There are many different types of accounting reports that are used to reflect various aspects of a company’s financial status. However, there are four or five core types of accounting reports that are used by most small businesses. All of these are available from most small business accounting software packages:
Balance sheet. A company’s balance sheet is a snapshot at a particular point in time of its assets, liabilities and shareholder equity. The statement is essentially a list of the assets, debts and net value of the company, each broken out by category (long-term vs. short-term debts, for example).
Statement of profit and loss (P&L). A P&L statement shows a company’s income and expenses by category over a set period of time. It’s used for showing the strongest and weakest areas of a business, and is also used to compare a company’s recent performance to the same period in previous years to measure change.
Statement of free cash flow. This report shows how much cash is available to pay creditors or pay dividends to investors. To determine that amount, you take the total sales revenue and subtract your costs and operating expenses. This statement helps the company manage cash flow that isn’t required to continue operating the business.
Statement of shareholder equity. A statement of owner’s equity breaks down the net book value of a company into various categories to show shareholders exactly how much their investment is worth on paper (if the company were to be liquidated).
Accounts receivable aging. Companies that invoice use accounts receivable aging to show how long any receivables have been outstanding. Though some also use accounts payable aging to show how long any payables have been outstanding, for most businesses, it’s more important to account for the money you’re owed. What you owe appears in the liabilities section of a balance sheet, even if it’s past due.
Did You Know?Did You Know?: While there are multiple types of accounting reports that are available, three important reports you want to pay attention to is the balance sheet, a profit and loss statement, and a statement of free cash flow.
In addition to these core reports, there are many others, and many more permutations of each, adjusted to meet the circumstances of individual businesses and the preferences of their owners and managers.
Lots of executives create custom reports as well. These versions may focus on the areas of the business that management wants to track most closely, or compare recent results with those from the same time period last year.
Thankfully, accounting reports of all types can be easily generated using most off-the-shelf accounting software packages, and these reports can be updated continuously to provide up-to-the-minute (though unaudited) insights into what is happening in your business and the financial standing of the company.
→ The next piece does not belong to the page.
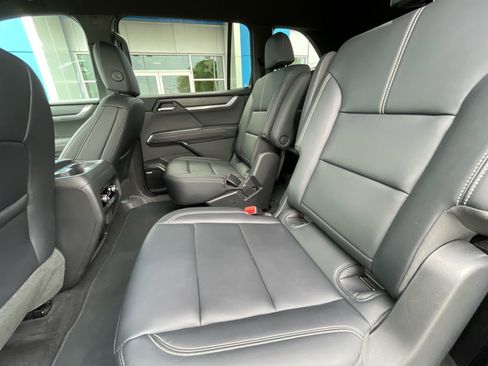Used 2025 GMC Acadia Elevation w/ Super Cruise Package FWD image 6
If you’re going to invest in accounting software to help track your company’s finances, you should be sure it is capable of generating these reports easily. Some common options you should check for include:
The ability to adjust time frames and compare results to the same period in previous years
The option to specifically include or exclude individual accounts or line items
The ability to add notes explaining atypical results in particular accounts or categories
A way to create your own custom reports on your own template that shows the information that is the most important to you
These features will give you tremendous flexibility to dissect your company’s financials and make the most informed decisions about the management of your small business.